Community Articles

Find and share helpful community-sourced technical articles.
avatar
Rising Star

1 Overview

In this article I am going to talk about three main integration pieces between SAP and Hadoop.

First I will cover the SAP integration products and how they can be used to ingest data into hadoop systems. Second, I am going to talk about SAP hana and how that integrated with hadoop. I will provide a overview of various methods that can be used to push/pull data from SAP Hana as well as aspects around data federation and data offload architecture. Third I am going to touch on topic around how SAP BI tools integrate with Hadoop and talk briefly about SAP Hana Vora.

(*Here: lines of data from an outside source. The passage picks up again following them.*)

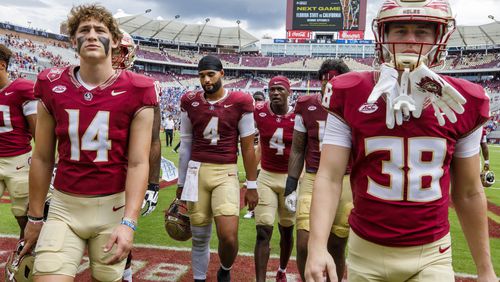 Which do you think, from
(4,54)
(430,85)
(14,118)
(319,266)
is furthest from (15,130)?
(430,85)

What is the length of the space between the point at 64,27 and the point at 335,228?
260 centimetres

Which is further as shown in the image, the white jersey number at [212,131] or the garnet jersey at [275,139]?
the garnet jersey at [275,139]

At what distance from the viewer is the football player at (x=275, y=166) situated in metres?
4.67

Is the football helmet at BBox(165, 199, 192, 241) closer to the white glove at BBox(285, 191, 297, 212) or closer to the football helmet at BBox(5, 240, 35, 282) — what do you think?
the white glove at BBox(285, 191, 297, 212)

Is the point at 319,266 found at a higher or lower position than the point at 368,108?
lower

2 Hadoop using SAP Data Integration components

SAP has three primary products around data integration. Based upon their integration pattern, here is a brief overview of these products

Batch processing

  • SAP Data services aka BODS (Business Objects Data Services) is the batch ETL tool from SAP. SAP acquired this product as part of its Business Objects acquisition.

Real time ingestion

  • SLT (SAP Landscape Transformation) Replication server can be used for batch or real time data integration and uses database triggers for replication.
  • SAP replication server which is much more broader replication capabilities and truly is a CDC (Change Data Capture) product.

Rest of this section provides bit more details on how these products talk to hadoop

2.1 SAP Data services

Data services can be used to create Hive, Pig or MR (MapReduce) jobs. You can also preview the files that is sitting in HDFS.

2.1.1 Hive

Data services (DS) uses Hive Adapter, which is something that SAP provides to connect to the Hive tables. This hive adapter can act as a Data Store or as a source/target for DS jobs. There are various operations you can perform using Hive adapter based data store.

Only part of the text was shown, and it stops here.